Copy every line of the data in which the word "Fashion" occurs.

::::

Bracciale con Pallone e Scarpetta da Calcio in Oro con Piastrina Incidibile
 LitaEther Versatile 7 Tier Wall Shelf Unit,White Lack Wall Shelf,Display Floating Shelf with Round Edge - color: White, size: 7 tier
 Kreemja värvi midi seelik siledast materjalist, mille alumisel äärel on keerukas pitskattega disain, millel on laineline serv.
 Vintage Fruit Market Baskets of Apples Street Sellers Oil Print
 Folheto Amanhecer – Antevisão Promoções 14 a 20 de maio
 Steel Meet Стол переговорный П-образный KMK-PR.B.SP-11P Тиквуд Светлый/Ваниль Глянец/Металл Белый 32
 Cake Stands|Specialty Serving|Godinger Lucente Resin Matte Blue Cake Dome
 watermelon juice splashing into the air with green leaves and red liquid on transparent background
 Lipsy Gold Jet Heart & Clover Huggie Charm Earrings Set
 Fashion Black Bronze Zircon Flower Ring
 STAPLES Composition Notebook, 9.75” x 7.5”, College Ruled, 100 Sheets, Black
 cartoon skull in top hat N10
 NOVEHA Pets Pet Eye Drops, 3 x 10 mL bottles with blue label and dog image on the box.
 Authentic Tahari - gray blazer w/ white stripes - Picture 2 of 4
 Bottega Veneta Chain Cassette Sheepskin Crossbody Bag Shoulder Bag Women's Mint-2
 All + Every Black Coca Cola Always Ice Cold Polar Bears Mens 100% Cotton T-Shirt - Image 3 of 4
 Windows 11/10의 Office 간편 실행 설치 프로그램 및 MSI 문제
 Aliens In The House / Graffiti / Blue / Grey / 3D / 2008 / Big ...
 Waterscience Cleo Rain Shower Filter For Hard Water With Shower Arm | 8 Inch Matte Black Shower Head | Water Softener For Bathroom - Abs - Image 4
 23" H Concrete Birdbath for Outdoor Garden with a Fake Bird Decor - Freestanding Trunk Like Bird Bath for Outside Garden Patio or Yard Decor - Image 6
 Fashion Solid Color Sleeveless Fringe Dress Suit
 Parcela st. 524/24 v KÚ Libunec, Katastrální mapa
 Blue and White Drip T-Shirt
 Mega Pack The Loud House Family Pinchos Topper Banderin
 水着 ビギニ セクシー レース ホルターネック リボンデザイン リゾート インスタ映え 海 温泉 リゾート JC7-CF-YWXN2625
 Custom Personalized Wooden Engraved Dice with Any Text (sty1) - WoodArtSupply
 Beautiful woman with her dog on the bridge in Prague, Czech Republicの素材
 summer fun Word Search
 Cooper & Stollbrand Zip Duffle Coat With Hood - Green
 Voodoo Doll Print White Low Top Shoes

::::

- TASK ANSWER:
 Fashion Black Bronze Zircon Flower Ring
 Fashion Solid Color Sleeveless Fringe Dress Suit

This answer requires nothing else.